- [DATA IN THIS EXERCISE]:
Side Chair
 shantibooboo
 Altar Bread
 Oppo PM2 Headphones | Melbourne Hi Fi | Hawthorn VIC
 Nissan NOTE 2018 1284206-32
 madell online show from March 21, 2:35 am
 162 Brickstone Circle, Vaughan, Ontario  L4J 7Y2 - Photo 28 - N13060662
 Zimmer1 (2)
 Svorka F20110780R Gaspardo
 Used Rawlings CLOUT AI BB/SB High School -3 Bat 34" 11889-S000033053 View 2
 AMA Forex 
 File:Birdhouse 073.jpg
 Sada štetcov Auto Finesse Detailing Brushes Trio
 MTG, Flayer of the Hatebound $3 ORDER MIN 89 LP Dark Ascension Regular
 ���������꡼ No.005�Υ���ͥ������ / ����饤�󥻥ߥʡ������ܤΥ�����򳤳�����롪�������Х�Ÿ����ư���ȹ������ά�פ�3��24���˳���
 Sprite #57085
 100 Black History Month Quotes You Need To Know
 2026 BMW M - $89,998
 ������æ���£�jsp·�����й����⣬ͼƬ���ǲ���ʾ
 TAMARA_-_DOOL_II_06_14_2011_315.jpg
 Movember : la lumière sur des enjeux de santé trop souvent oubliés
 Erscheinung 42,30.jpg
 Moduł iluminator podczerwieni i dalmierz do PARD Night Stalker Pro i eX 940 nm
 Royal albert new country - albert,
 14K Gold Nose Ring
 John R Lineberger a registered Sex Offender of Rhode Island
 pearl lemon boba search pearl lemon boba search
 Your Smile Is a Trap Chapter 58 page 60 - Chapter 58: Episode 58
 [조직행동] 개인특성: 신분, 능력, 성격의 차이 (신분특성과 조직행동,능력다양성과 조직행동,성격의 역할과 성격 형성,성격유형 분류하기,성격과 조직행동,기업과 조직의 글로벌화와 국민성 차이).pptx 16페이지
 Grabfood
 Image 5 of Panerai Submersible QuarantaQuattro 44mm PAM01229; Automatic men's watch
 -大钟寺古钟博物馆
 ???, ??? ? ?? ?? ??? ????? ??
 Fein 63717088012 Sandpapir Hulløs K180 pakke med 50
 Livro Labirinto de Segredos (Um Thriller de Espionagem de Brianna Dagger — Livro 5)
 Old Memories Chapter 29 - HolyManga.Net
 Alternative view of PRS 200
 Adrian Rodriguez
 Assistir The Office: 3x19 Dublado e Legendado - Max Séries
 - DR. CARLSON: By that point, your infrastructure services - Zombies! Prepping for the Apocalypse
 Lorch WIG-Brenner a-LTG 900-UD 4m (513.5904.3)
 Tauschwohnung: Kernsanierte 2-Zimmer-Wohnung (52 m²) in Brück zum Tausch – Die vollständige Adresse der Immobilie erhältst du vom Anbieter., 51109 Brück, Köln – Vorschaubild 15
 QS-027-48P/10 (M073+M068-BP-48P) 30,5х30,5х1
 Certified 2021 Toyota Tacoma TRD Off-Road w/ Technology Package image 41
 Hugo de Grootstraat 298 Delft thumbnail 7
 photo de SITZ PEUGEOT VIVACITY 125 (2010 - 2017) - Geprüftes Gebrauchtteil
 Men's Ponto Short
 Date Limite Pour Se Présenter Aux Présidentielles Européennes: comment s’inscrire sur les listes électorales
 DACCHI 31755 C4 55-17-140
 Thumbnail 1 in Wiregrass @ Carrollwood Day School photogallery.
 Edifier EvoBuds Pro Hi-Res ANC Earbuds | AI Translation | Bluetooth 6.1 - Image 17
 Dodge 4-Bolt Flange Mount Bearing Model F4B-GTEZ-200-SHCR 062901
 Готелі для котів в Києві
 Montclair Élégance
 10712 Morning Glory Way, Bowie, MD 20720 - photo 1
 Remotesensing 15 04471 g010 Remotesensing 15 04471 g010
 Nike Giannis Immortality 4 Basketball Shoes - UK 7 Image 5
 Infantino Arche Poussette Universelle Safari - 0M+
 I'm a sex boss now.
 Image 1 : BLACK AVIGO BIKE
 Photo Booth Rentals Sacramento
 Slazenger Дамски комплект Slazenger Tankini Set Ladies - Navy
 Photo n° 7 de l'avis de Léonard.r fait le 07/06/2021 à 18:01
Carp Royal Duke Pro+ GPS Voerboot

- [WORK TO COMPLETE]:
Lines are to be repeated exactly from the one that contains "10712 Morning Glory" through the last line of the listing, with both ends kept and no others added.

- [RESPONSE BOX]:
 10712 Morning Glory Way, Bowie, MD 20720 - photo 1
 Remotesensing 15 04471 g010 Remotesensing 15 04471 g010
 Nike Giannis Immortality 4 Basketball Shoes - UK 7 Image 5
 Infantino Arche Poussette Universelle Safari - 0M+
 I'm a sex boss now.
 Image 1 : BLACK AVIGO BIKE
 Photo Booth Rentals Sacramento
 Slazenger Дамски комплект Slazenger Tankini Set Ladies - Navy
 Photo n° 7 de l'avis de Léonard.r fait le 07/06/2021 à 18:01
Carp Royal Duke Pro+ GPS Voerboot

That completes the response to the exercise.